Figure 3. Experimental T cell immunology targeting recombinant receptors to the Trac site
Application of Ark313-modified CAR-T cells in tumor model mice
Human TRAC-CAR-T cells outperform retrovirally engineered CAR-T cells in controlling B-cell acute lymphoblastic leukemia (B-ALL) xenograft tumors. To explore whether TRAC-CAR-T cells maintain their superiority in solid tumor models with normal immune function, the authors used Ark313 to construct Trac-CAR-T cells and gRV to construct CAR-T cells, respectively expressing h19m28z.
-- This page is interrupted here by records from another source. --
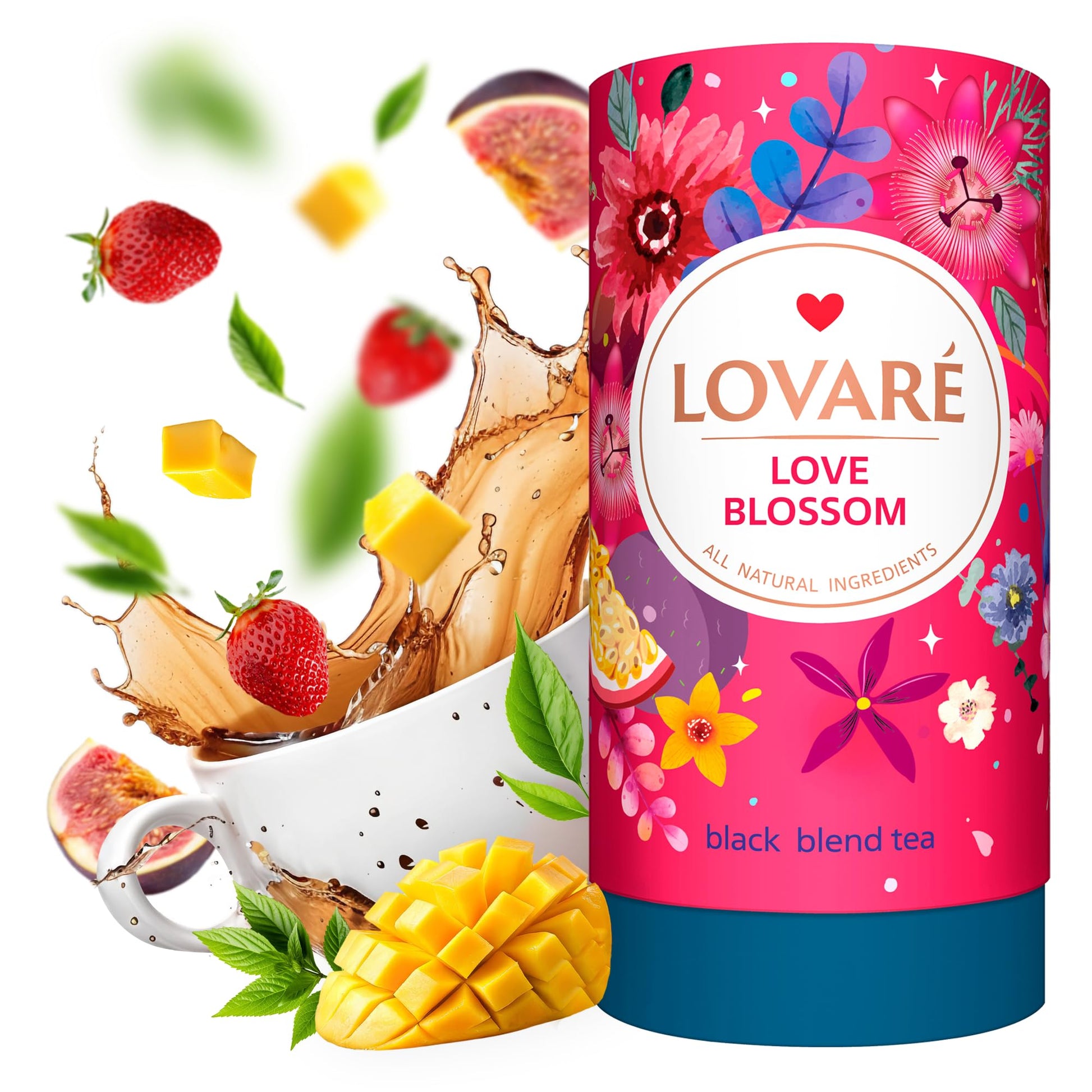 LOVARE Love Blossom Loose Leaf Tea - Dry Fig, Mango, Strawberry, 80g - Tea Gift Box with 15 Paper Filters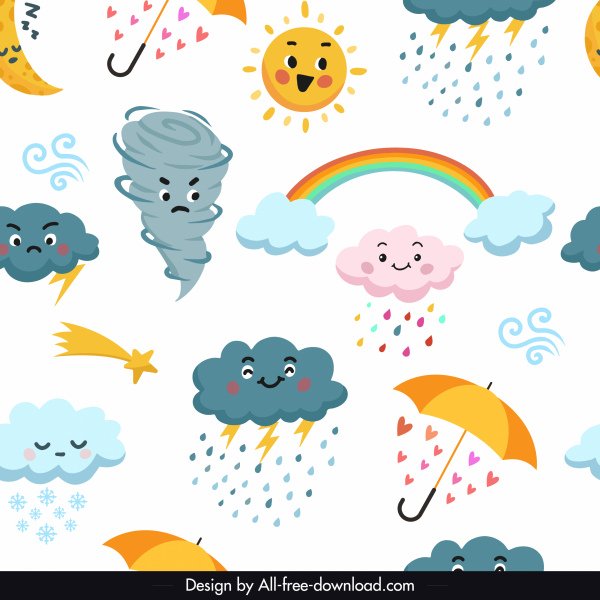 [ai] Weather elements pattern cute stylized design Free vector 3.54MB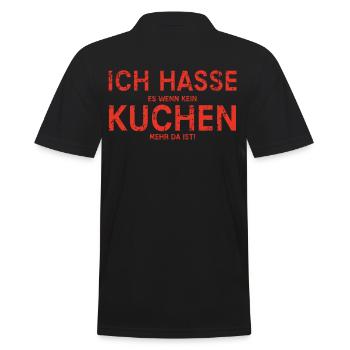 Kuchen - Männer Poloshirt - Schwarz - Hinten - Kai (181cm)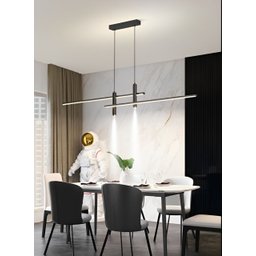 Pendente Moderno Slim Luxo para 2 Mini Dicroicas + 2 Perfis Led Integrado 1,00m - Grafite - 2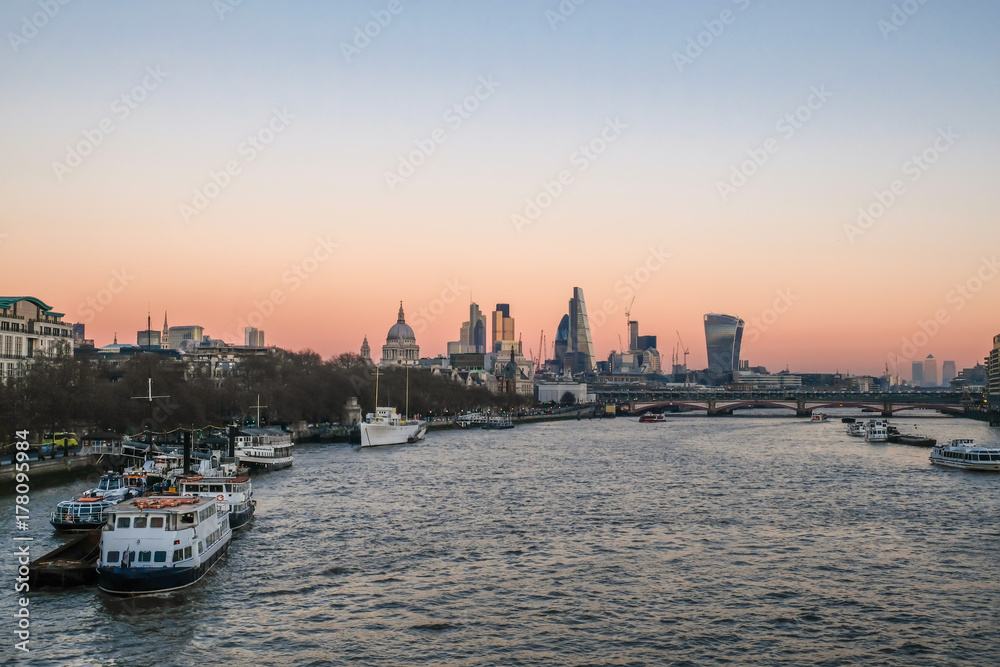 London Skyline from the River Thames at sunset.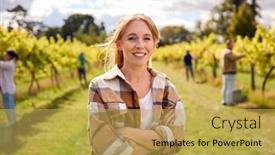  Presentation with vine wine - PPT theme consisting of portrait-of-female-worker-harvesting background and a yellow colored foreground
The model was modeled by injecting LL2-hCD19 cells into C57BL/6J mice, and a single dose of CAR-T cells were injected retroorbitally 9 days later. The results showed that gRV-CAR-T cells could not improve the survival rate of mice in vivo, while Trac-CAR -T cells can reduce tumor size and significantly improve survival rates. Like human T cells, the CAR expression of Trac-CAR-T and gRV-CAR-T cells decreased after antigen binding. Trac-CAR-T cells returned to baseline more slowly, and the CAR expression of Trac-CAR-T cells after two stimulations decreased. Recovery expression is faster and the central memory phenotype is elevated following stimulation. These findings demonstrate the efficacy of human TRAC-CAR in mouse solid tumor models and highlight the utility of Ark313 in testing next-generation T cell therapies in immune-competent settings.
Figure 4. Immunocompetent solid tumor mouse model
Using Ark313 to target CAR to Trac site for tumor treatment
In summary, this article discovered the AAV6 variant Ark313, which can efficiently target murine T cells and achieve gene delivery and precise integration of large fragments of DNA. In addition, Ark313 provides great potential for improving T cell therapy, and also for T cells. Immunological research opens new avenues.